Captioned web image data
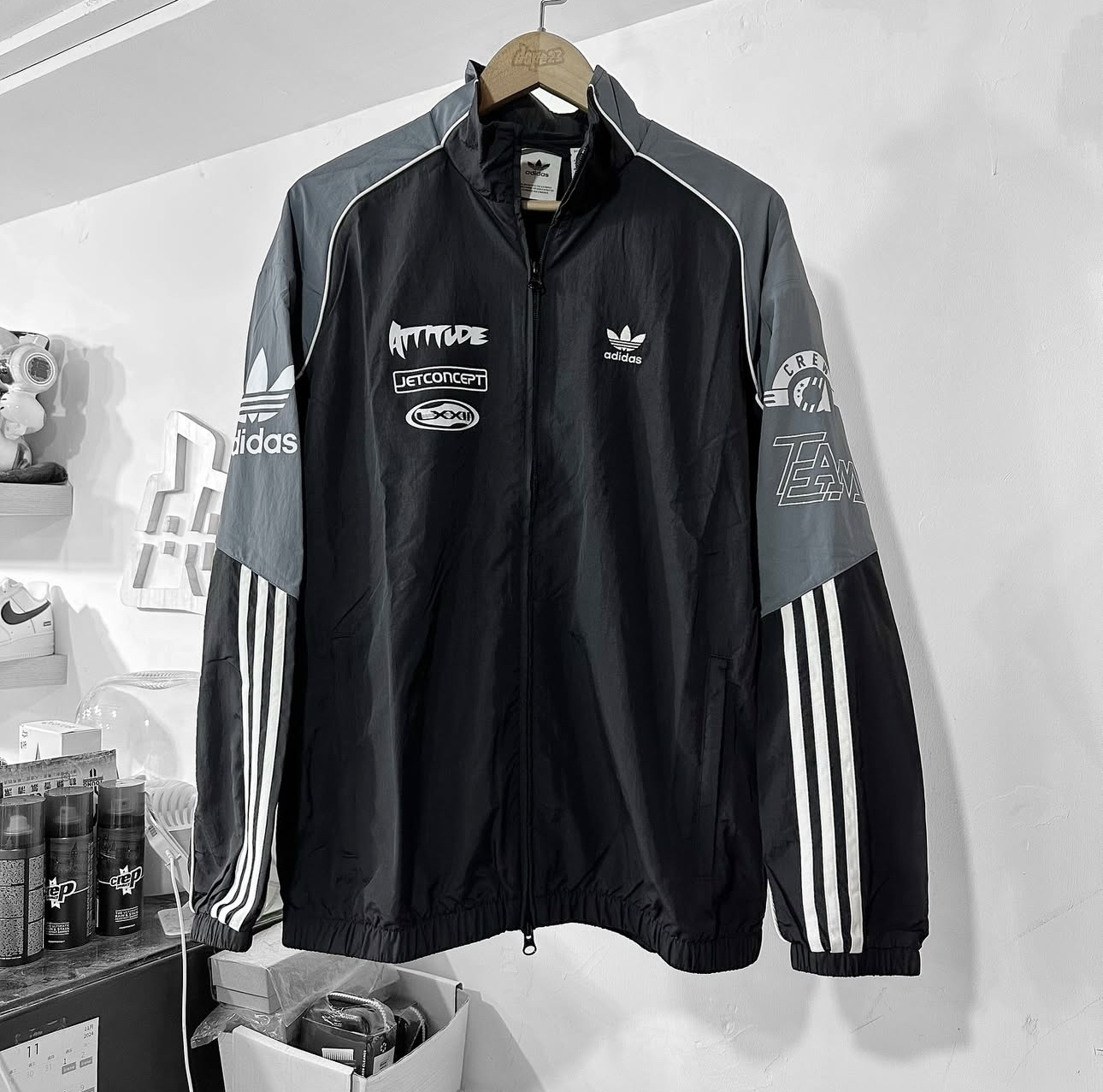 Adidas ADICOLOR MOTORCORE WOVEN JACKET賽車外套 JL8406
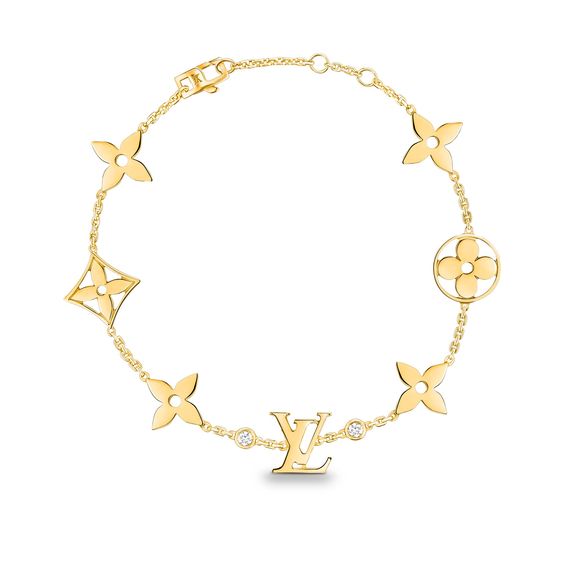 <CHIBA>STAR AND SUN 7 MOTIFS GOLD BRACELET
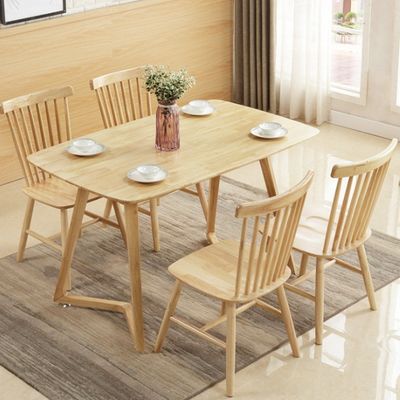Eettafel van massief hout in Nordic-stijl voor huishoudelijk meubilair in het ziekenhuis in rechthoekige vorm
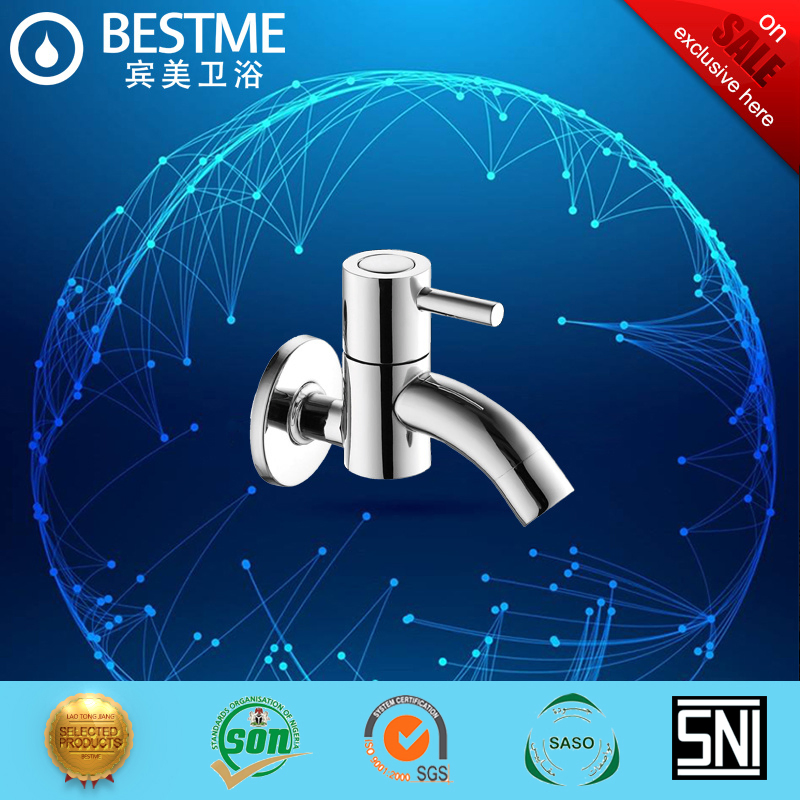 Настенный кран для стиральной машины, латунь, хром (BF-T002A)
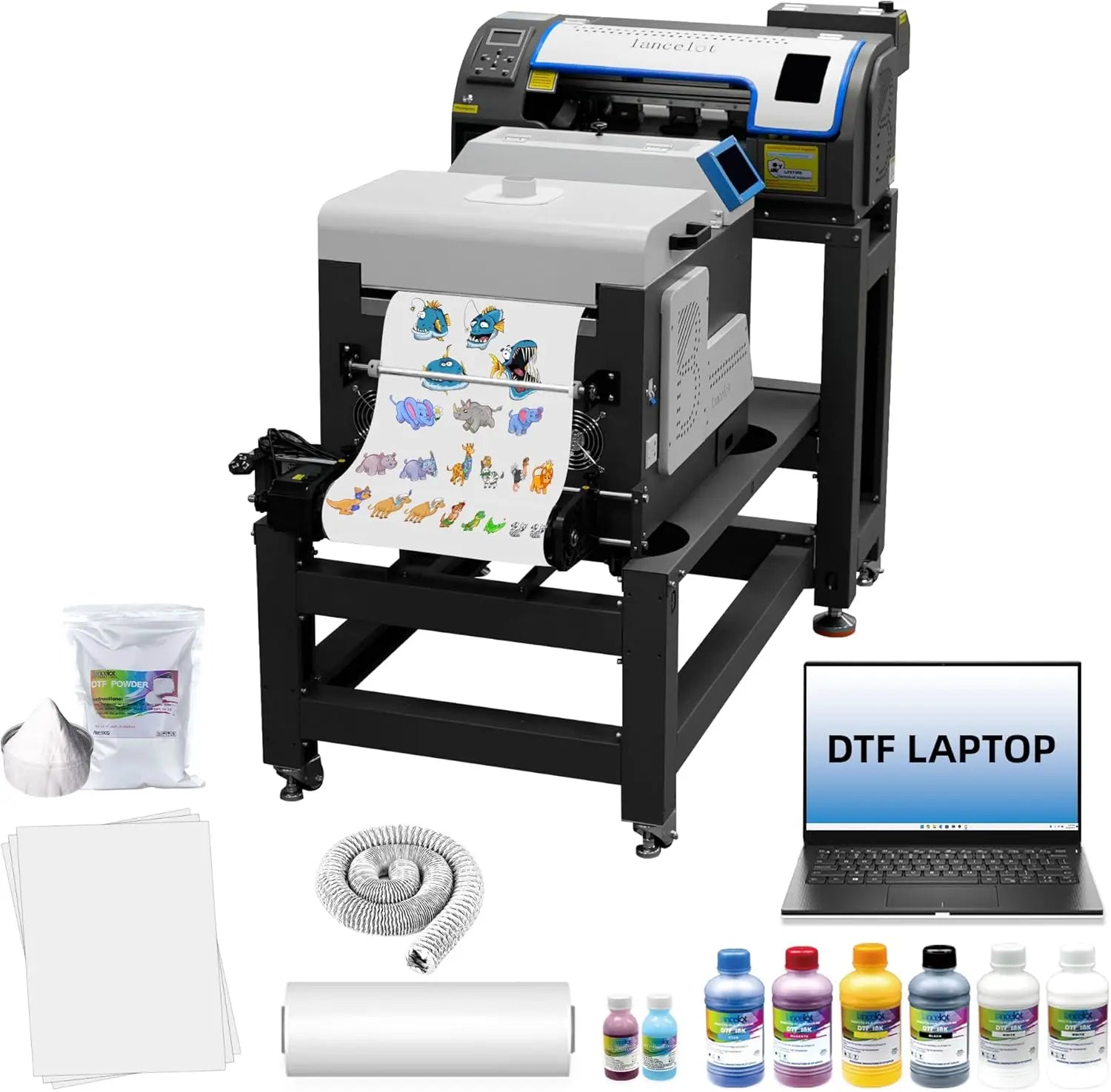 Lancelot M1630 Pro DTF Printer Bundle – A3+ XP600 with Powder Shaker & Dryer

# Required action
Write out exactly the lines from the one containing "Настенный кран для" through the end of the entries, both included. Pictures are not copied.

# Response below
 Настенный кран для стиральной машины, латунь, хром (BF-T002A)
 Lancelot M1630 Pro DTF Printer Bundle – A3+ XP600 with Powder Shaker & Dryer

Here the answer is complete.